Initially it must be decided if the patient requires immediate surgery, delayed surgery or observation with conservative management and further investigations. If immediate surgery is required, it should be established whether there is time or the need for preoperative stabilisation. The patient with a bleeding condition, such as a ruptured aortic aneurysm or ruptured ectopic pregnancy or a perforated viscus, is often best managed by urgent surgical intervention with no delay. Further resuscitation can occur while surgery is performed. A delay in intervention in these conditions is associated with increased morbidity and mortality.

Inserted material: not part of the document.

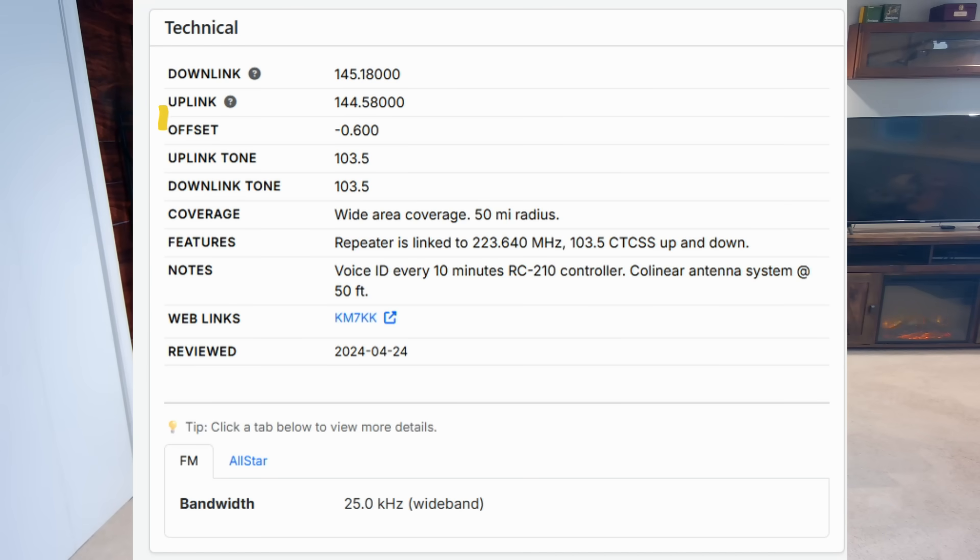You need to program the offset into your radio, so when you key up, it will transmit down to the uplink shown here. You also need the tone, which is pictured here — this is the key to access the repeater. So you need two different frequencies and a key to get in to use the repeater. If you don't know how to program this, and it's not programmed correctly to hook up to the many repeaters in your area, you will be transmitting to nobody. You can listen, yes, but the radio would basically be ineffective at being able to do any communication on your part.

A bowel obstruction will benefit from fluid resuscitation prior to surgery as long as bowel viability is not compromised.

The management of focal abdominal sepsis is dependent on specific factors that depend, in turn, on potential complications of the intervention. As a general rule, a focal acute inflammation of the colon is usually treated conservatively with antibiotics. If there is a large associated abscess, this will usually be treated by imaging guided percutaneous drainage or open surgery.

Appendicitis and acute cholecystitis are usually be treated surgically. In the event of a delay of more than 72 hours, both conditions are often treated conservatively with antibiotics. This is because resection of these organs at this time may lead to damage of the surrounding organs due to the attempts by these structures to wall off the inflammation. The bile duct with the gall bladder and surrounding small intestine and caecum with the appendix could be placed in jeopardy.

If a plan of management cannot be decided upon, then the role of further observation or an intervention must be considered. It is also important to decide whether the patient needs to be placed in a high dependency area based on their condition or comorbidity.

A patient should never be left in pain. Appropriate analgesia should be administered early in small frequent doses. Analgesia will not mask signs but will reduce the patient’s awareness of pain. There is a duty of care to ensure frequent pain reassessment.

It is essential that communication with the treating clinician is both timely and accurate. If the patient is unstable or the diagnosis unclear, early communication with the consultant is mandatory.